Window Functions in SQL

Window Functions in SQL

The SQL window function is a crucial feature for everyone because it makes it possible to calculate a specific set of rows while keeping the rows in the dataset intact. This is referred to as “windows”. These help in advanced data analytics and database management.

In this article, we will examine the definition of SQL window functions, their classifications, and real-life examples with reference to how they work.

Table of Contents

What are Window Functions in SQL Server?

SQL window functions let you compute values over a set of records associated with the current record without grouping them. Window functions are different from aggregate functions such as SUM() or AVG() because window functions do not change the total number of rows in the data, rather, they provide more insight into a single record from the data.

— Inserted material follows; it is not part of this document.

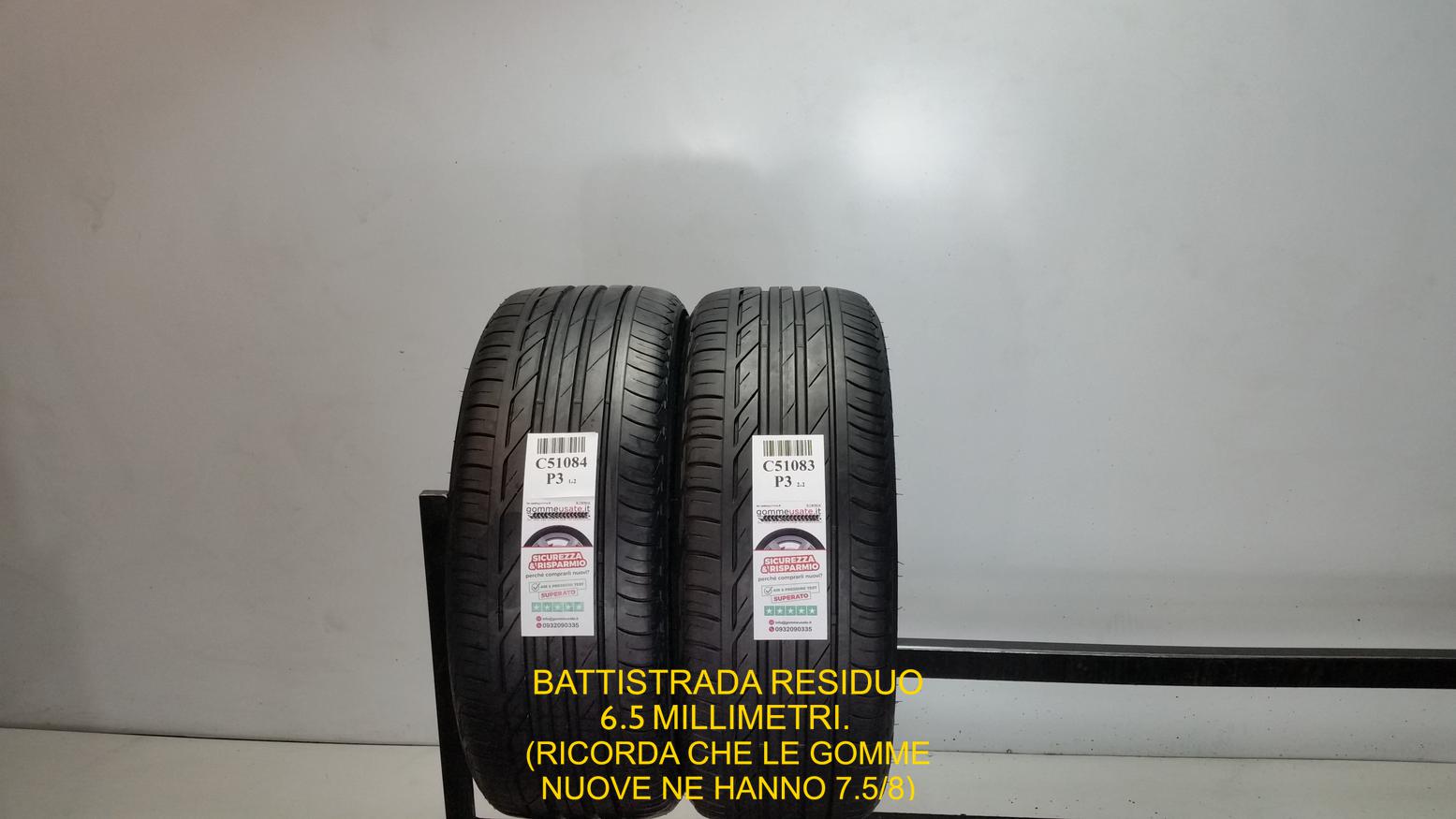 Bridgestone 225/40 R18 92W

Window functions could calculate the running total, rank, or moving average with the full dataset intact.

Types of Window Functions

Window functions in SQL can be categorized into the following three types:

1. Ranking Functions

In SQL, ranking functions are used to assign a position to specific rows in a given order. They provide an order to the dataset without deleting any rows.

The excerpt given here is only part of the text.